Relatives of Katrice Lee, including mother Sharon and sister Natasha, along with Hartlepool MP Iain Wright and other supporters, marched on Number 10 yesterday to seek support from Prime Minister David Cameron as to why they have suffered what they have dubbed a “catalogue of errors”, including not being allowed access to case files, since Katrice vanished.
The emotional procession, from London’s St James’ Park to Downing Street coincided with Katrice’s 33rd birthday and the 31st anniversary of her disappearance from a NAAFI store in Paderborn, Germany, where her father Richard, from Hartlepool, was serving as a sergeant major.
Sharon and Natasha, now living in Gosport, Hampshire, were joined on the march by veteran soldiers who served with Richard in the 15th/19th Royal Hussars, including some who travelled to the capital from East Durham and Newcastle, as well as MP for Gosport Caroline Dinenage and Leeds MP Greg Mullholand.
Retired postman Richard, 62, who lives off Stockton Road, said: “I think it’s too early to say what good the march has done.
“This will be like throwing a stone into a pond and getting waves - we are waiting to see what that ripple effect will bring.
“The march saw the support that was shown, we now realise as a family we are not alone.”
Natasha, 39, approached Labour leader Ed Miliband on the march and Richard is hopeful he will get involved in their campaign.
A letter written by 10-year-old Sian Jebb, a friend of the Lee family, was delivered to Number 10.
In it, the youngster’s heartfelt plea described how she would feel if she was taken from her parents and asks why Mr Cameron has met with missing Madeleine McCann’s parents but not Katrice’s.
She adds: “We need to tell the whole world about Katrice.

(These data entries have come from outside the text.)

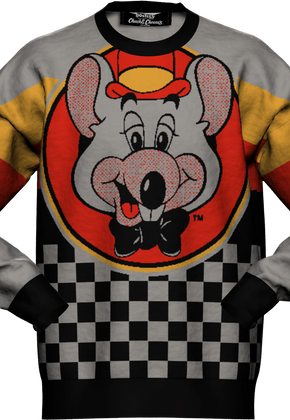 Checkerboard Character Chuck E. Cheese Knitted Sweater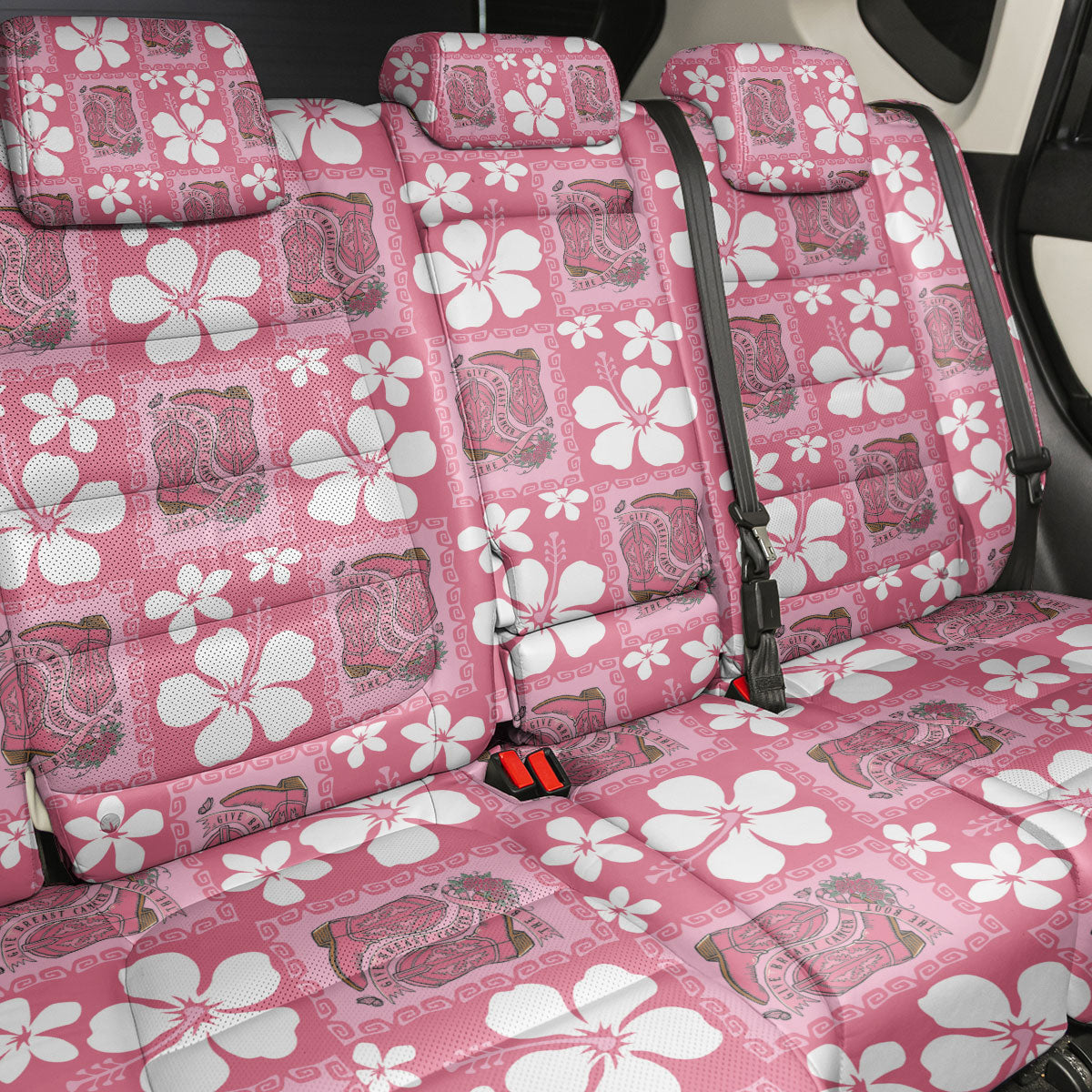 Give Cancer The Boot Pink Cowgirl Back Car Seat Cover Western Aloha Hibiscus Paniolo Heritage Floral LT9 - Polynesian Pride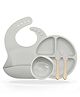 Bembika Baby Feeding Essential Baby Dinner Set Silicone Tableware Set for Baby Pack Of 5 - Grey
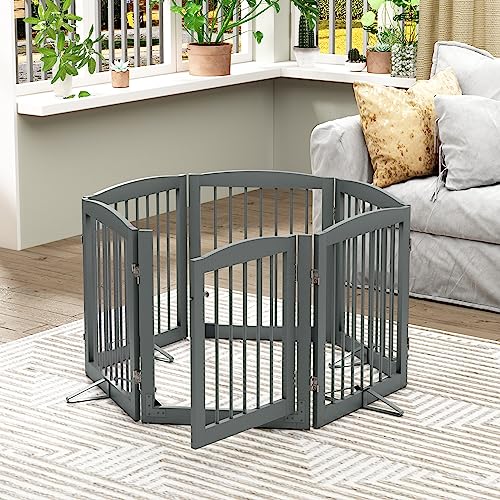 Freestanding Pet Gates with Walk Through Door (6 Panel 24" / Gray)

“I will never vote ever when I am older if you cannot help one family out.”
Richard said: “She was very critical of the lack of intervention - it says a lot that a 10-year-old can see how shoddy the whole thing has been dealt with.”
Mr Wright said the march was another opportunity to keep the family’s plight in the public eye and he hoped the Prime Minister would take into account the letter from Sian.
A Downing Street spokeswoman said: “The Royal Military Police is working closely with German authorities as part of their investigation into the disappearance of Katrice Lee.
“It is normal police practice to review significant unsolved cases and it is hoped that by applying modern investigative techniques the RMP will be able to identify lines of enquiry that will shed light on Katrice’s disappearance.
“However, as this is ongoing it would be inappropriate for us to comment in any detail on the case.
“The Minister for Defence Personnel, Welfare and Veterans, Mark Francois, has offered to meet with the Lee family, their MPs, and the investigation team to discuss the family’s concerns.
“It is hoped that all parties will be able to meet before Christmas.”
Last week an appeal and reconstruction on the BBC1 programme Crimewatch led to new calls to the RMP from people who believe they can help with the inquiry.
Mr Wright also spoke in the House of Commons earlier this month about the case.